This area of study approaches museums as complex social, economic, and political institutions amenable to historical, theoretical, and practical study. Emerging from European princely, aristocratic, and mercantile collections of artificial and natural curiosities, museums entered the public sphere between the sixteenth and nineteenth centuries. They developed new paradigms of collection acquisition, categorization, scholarship, conservation, and display. Proliferating worldwide, museums of all kinds reflect the social and economic developments of industrialization, colonialism, and the movements of peoples. Scholarship at museums includes conservation science devoted to understanding the material properties of collection items. We bring together human science and material science skills focused on museums to expand the toolkit of material culture scholars.

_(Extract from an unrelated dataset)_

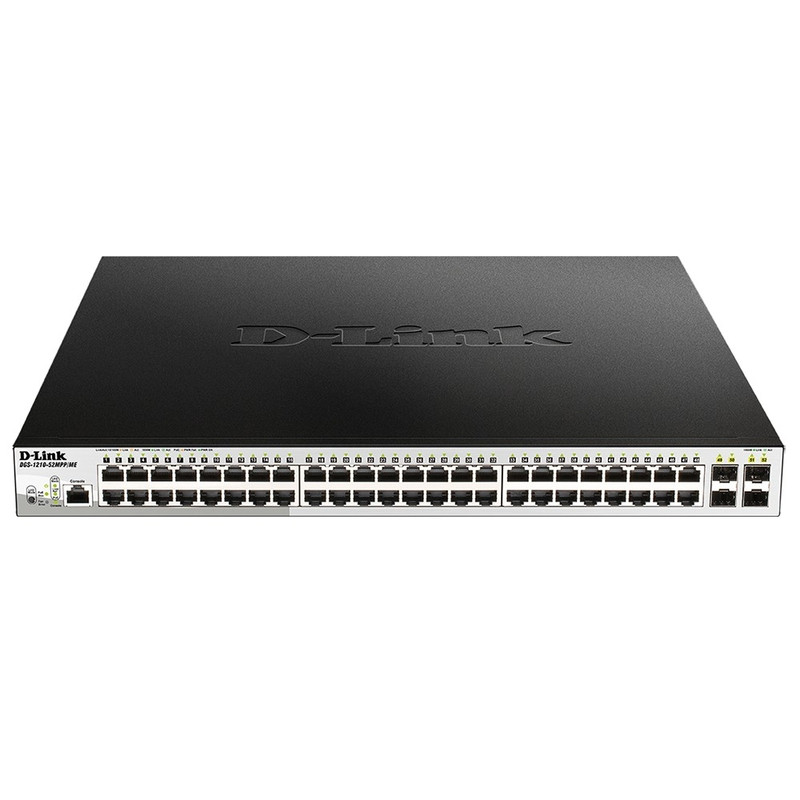D-Link DGS-1210-52MPP/ME/B3A PROJ Управляемый коммутатор 2 уровня с 48 портами 10/100/1000Base-T и 4 портами 1000Base-X SFP (48 портов с поддержкой PoE 802.3af/802.3at (30 Вт), PoE-бюджет 740 Вт) 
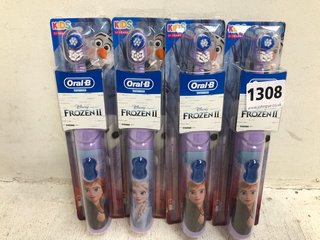 4 X ORAL-B DISNEY FROZEN GIRLS ELECTRIC TOOTHBRUSHES: LOCATION - AR3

Courses address the origins and spread of museums, the history of collecting and museum acquisition, conservation, curatorial and scientific museum scholarship, and public education and outreach. Courses span the temporal, geographic, and disciplinary range of our faculty and the broad variety of objects studied at BGC. Collaborative projects among faculty, students, and Gallery staff have included numerous main gallery or Focus Exhibitions and publications such as New York Crystal Palace 1853, Confluences: An American Expedition to Northern Burma, 1935, and Salvaging the Past: Georges Hoentschel and French Decorative Arts from the Metropolitan Museum of Art. The Mellon Foundation-funded project Cultures of Conservation, culminated in symposia and the Gallery exhibition Conserving Active Matter, which lives on as a digital project. Partnerships with the Museum of Arts and Design, the Brooklyn Museum, and the Metropolitan Museum of Art support ongoing initiatives in curatorial practice. Our students emerge equipped to think about museums as protean institutions at the center of contemporary cultural policy.